_DESCRIPTION OF THE TASK_
Reproduce the records below exactly, but only between the lines holding "Bench Seat Memory" and "Victorian Baby Doll", inclusive.

>>>>

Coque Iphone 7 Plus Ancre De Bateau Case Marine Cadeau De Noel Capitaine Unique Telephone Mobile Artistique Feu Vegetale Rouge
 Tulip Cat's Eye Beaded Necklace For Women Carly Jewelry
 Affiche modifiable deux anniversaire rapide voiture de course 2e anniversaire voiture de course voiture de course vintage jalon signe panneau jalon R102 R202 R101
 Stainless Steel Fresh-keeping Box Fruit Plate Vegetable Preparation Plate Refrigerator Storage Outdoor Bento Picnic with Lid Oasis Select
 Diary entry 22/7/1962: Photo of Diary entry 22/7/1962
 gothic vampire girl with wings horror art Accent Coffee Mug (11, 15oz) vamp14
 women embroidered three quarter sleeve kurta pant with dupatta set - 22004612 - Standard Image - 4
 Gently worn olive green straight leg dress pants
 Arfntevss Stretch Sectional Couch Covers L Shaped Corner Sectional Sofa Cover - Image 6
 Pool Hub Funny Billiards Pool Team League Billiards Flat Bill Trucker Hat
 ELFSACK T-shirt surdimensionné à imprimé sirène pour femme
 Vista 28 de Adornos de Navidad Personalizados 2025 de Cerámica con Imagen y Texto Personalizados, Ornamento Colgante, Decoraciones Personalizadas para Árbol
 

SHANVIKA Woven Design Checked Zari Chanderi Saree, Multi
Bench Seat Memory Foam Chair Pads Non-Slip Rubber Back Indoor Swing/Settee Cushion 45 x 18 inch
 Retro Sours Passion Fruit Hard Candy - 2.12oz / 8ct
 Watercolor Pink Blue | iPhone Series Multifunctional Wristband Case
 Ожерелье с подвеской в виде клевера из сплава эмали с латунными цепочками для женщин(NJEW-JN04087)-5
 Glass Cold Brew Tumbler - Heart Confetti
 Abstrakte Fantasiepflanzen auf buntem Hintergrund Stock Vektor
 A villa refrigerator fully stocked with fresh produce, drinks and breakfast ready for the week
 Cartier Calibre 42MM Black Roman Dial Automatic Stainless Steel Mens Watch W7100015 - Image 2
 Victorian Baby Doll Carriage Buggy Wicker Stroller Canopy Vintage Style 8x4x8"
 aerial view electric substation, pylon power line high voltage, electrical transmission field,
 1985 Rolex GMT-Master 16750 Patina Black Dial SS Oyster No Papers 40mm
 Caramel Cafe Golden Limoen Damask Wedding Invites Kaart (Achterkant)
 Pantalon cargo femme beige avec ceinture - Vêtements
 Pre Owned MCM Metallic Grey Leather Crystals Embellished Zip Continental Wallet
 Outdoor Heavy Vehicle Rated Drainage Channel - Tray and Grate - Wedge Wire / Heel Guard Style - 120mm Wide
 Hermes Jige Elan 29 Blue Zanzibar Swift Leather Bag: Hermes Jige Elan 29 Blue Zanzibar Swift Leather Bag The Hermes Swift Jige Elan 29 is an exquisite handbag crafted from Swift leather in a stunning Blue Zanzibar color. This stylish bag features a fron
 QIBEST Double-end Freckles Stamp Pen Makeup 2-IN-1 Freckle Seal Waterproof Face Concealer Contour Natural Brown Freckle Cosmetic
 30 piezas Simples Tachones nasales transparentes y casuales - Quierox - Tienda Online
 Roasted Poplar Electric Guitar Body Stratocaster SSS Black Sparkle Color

<<<<

_EXERCISE RESPONSE_
Bench Seat Memory Foam Chair Pads Non-Slip Rubber Back Indoor Swing/Settee Cushion 45 x 18 inch
 Retro Sours Passion Fruit Hard Candy - 2.12oz / 8ct
 Watercolor Pink Blue | iPhone Series Multifunctional Wristband Case
 Ожерелье с подвеской в виде клевера из сплава эмали с латунными цепочками для женщин(NJEW-JN04087)-5
 Glass Cold Brew Tumbler - Heart Confetti
 Abstrakte Fantasiepflanzen auf buntem Hintergrund Stock Vektor
 A villa refrigerator fully stocked with fresh produce, drinks and breakfast ready for the week
 Cartier Calibre 42MM Black Roman Dial Automatic Stainless Steel Mens Watch W7100015 - Image 2
 Victorian Baby Doll Carriage Buggy Wicker Stroller Canopy Vintage Style 8x4x8"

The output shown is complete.